EXERCISE MATERIAL below:

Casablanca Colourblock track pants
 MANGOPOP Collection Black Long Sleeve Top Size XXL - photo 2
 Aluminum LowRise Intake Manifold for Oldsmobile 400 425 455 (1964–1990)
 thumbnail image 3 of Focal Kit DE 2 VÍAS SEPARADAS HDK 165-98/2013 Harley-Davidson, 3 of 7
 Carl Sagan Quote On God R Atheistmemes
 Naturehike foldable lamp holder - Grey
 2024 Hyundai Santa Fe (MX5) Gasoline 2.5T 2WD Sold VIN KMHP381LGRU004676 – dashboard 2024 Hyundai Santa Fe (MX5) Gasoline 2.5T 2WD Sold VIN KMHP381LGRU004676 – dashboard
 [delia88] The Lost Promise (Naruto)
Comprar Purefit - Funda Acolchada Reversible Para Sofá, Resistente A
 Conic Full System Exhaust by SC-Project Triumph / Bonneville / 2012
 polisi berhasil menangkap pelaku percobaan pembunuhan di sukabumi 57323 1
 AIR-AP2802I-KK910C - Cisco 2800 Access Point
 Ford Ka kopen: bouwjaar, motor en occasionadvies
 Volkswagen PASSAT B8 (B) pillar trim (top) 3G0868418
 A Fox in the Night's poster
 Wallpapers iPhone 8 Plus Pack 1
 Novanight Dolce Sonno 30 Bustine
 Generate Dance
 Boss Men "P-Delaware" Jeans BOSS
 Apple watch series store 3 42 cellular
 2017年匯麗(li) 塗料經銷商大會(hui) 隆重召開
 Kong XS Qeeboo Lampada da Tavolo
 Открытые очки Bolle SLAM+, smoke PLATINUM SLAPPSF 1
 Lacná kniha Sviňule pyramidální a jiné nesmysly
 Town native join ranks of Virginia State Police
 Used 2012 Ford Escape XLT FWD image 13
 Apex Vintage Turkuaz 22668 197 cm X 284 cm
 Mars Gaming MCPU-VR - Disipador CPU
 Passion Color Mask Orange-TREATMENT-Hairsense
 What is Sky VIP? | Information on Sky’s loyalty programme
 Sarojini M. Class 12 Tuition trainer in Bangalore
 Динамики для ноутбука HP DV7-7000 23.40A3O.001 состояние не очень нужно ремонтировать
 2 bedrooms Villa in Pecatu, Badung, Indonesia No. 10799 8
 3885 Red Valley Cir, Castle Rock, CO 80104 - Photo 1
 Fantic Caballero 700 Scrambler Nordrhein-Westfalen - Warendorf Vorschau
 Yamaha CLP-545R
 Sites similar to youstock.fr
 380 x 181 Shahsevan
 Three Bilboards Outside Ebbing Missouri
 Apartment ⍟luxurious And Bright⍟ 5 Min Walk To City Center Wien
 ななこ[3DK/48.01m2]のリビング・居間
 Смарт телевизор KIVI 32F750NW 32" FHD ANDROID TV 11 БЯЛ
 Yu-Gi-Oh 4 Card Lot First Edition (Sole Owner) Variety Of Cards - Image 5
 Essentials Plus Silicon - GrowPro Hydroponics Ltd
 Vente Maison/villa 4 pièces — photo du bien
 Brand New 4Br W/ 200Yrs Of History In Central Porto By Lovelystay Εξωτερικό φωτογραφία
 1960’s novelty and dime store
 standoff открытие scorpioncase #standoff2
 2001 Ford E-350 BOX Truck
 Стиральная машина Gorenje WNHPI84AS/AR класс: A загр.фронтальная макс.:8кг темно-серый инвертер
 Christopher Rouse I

End of EXERCISE MATERIAL.

TASK GOAL -
Using the data above, restate word for word the lines from its opening line through the line that contains "Fantic Caballero 700", and no more.

SOLUTION -
Casablanca Colourblock track pants
 MANGOPOP Collection Black Long Sleeve Top Size XXL - photo 2
 Aluminum LowRise Intake Manifold for Oldsmobile 400 425 455 (1964–1990)
 thumbnail image 3 of Focal Kit DE 2 VÍAS SEPARADAS HDK 165-98/2013 Harley-Davidson, 3 of 7
 Carl Sagan Quote On God R Atheistmemes
 Naturehike foldable lamp holder - Grey
 2024 Hyundai Santa Fe (MX5) Gasoline 2.5T 2WD Sold VIN KMHP381LGRU004676 – dashboard 2024 Hyundai Santa Fe (MX5) Gasoline 2.5T 2WD Sold VIN KMHP381LGRU004676 – dashboard
 [delia88] The Lost Promise (Naruto)
Comprar Purefit - Funda Acolchada Reversible Para Sofá, Resistente A
 Conic Full System Exhaust by SC-Project Triumph / Bonneville / 2012
 polisi berhasil menangkap pelaku percobaan pembunuhan di sukabumi 57323 1
 AIR-AP2802I-KK910C - Cisco 2800 Access Point
 Ford Ka kopen: bouwjaar, motor en occasionadvies
 Volkswagen PASSAT B8 (B) pillar trim (top) 3G0868418
 A Fox in the Night's poster
 Wallpapers iPhone 8 Plus Pack 1
 Novanight Dolce Sonno 30 Bustine
 Generate Dance
 Boss Men "P-Delaware" Jeans BOSS
 Apple watch series store 3 42 cellular
 2017年匯麗(li) 塗料經銷商大會(hui) 隆重召開
 Kong XS Qeeboo Lampada da Tavolo
 Открытые очки Bolle SLAM+, smoke PLATINUM SLAPPSF 1
 Lacná kniha Sviňule pyramidální a jiné nesmysly
 Town native join ranks of Virginia State Police
 Used 2012 Ford Escape XLT FWD image 13
 Apex Vintage Turkuaz 22668 197 cm X 284 cm
 Mars Gaming MCPU-VR - Disipador CPU
 Passion Color Mask Orange-TREATMENT-Hairsense
 What is Sky VIP? | Information on Sky’s loyalty programme
 Sarojini M. Class 12 Tuition trainer in Bangalore
 Динамики для ноутбука HP DV7-7000 23.40A3O.001 состояние не очень нужно ремонтировать
 2 bedrooms Villa in Pecatu, Badung, Indonesia No. 10799 8
 3885 Red Valley Cir, Castle Rock, CO 80104 - Photo 1
 Fantic Caballero 700 Scrambler Nordrhein-Westfalen - Warendorf Vorschau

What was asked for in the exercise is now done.